Crawl space | The Coast Halifax

Crawl space

Mike Fleury makes a donation.

Like drinking? Like matching t-shirts? You do? Well then, brace yourself for Friday night, when Halifax will attempt to enter the Guiness Book of World Records for hosting the world’s largest pub crawl. If successful, we shall rip the honour away from Maryborough, Australia, which has been acting too damn smug lately, anyway.

If you don’t have a ticket to said pub crawl—and don’t bother looking; tickets are quite sold out—prepare to drunkenly party with 3,200 of your nearest, dearest Haligonian friends. Actually, if you don’t have a ticket, it might be best to hide under your bed and wait for the insanity to pass.
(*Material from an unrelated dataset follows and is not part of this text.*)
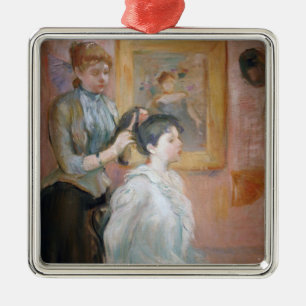 Ornement Carré Argenté La coiffure (par Berthe Morisot)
Also, an update to the ticket-holding public, regarding the fate of your $20 admission price: when the pub crawl was first announced, organizers said that significant proceeds from ticket sales would donated to Mothers Against Drunk Driving—but MADD makes it a point not to accept any donations from the liquor industry, or from liquor-focused events.
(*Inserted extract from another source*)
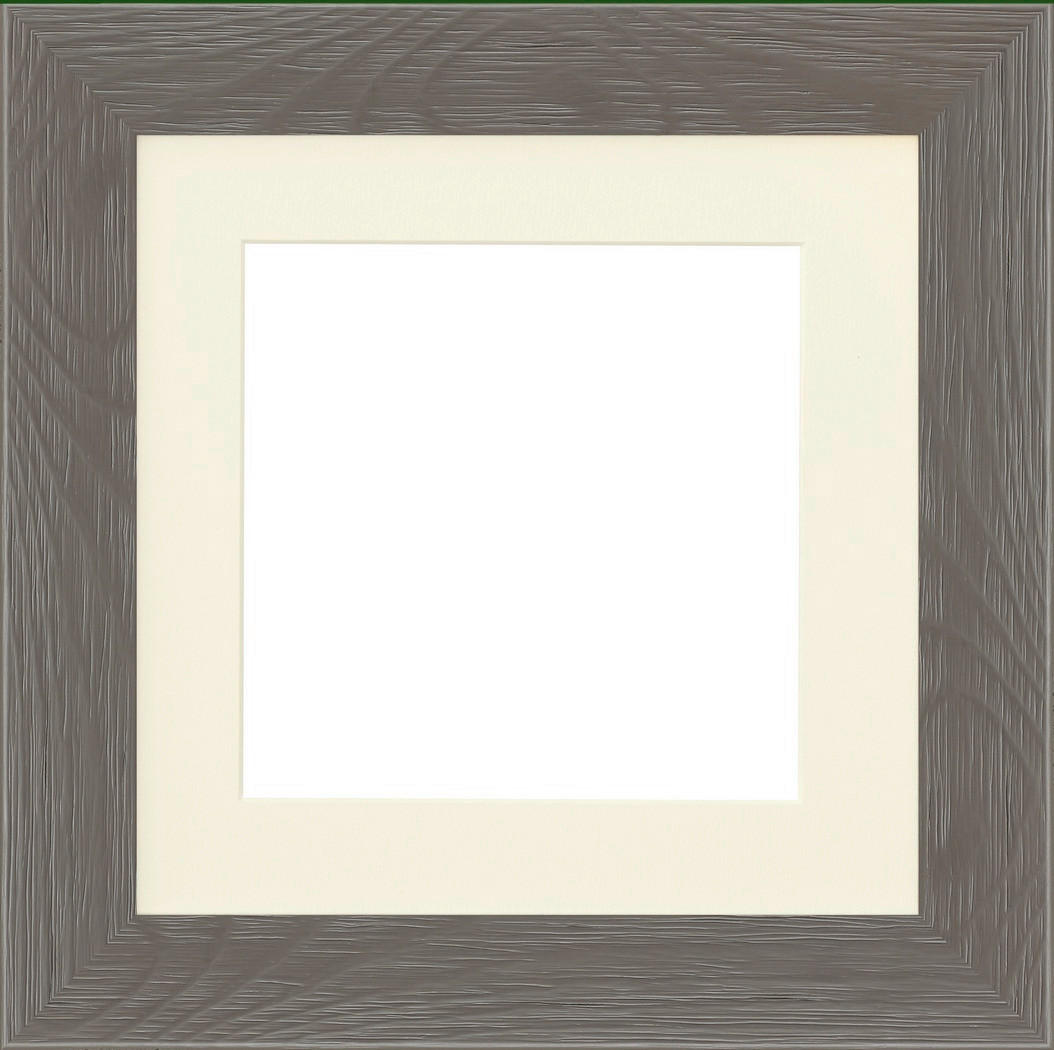 RAHMEN  - Taupe, Basics, Glas/Holz (25,4cm)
Like, for example, the world’s largest pub crawl.

So, after your shirt, cover, crawl schedule and Guinness World Records Certificate are paid for, who gets the money?

“Right now, it has yet to be determined,” says crawl organizer Jonathan DeYoung. “But, we have had a number of different charities step up and say that they would accept the cash.”

DeYoung says that his business, High Impact Promotions, will select a charity sometime in the weeks following the crawl. He’s also looking for an alternative benefactor that would in some way relate to the pub crawl theme, similar to MADD. For example?

“We’ve looked at the Canadian Liver Foundation,” he says.

The more you know

A hearty Coast welcome to incoming Freedom of Information review officer Dulcie McCallum. McCallum started in her new position on Monday.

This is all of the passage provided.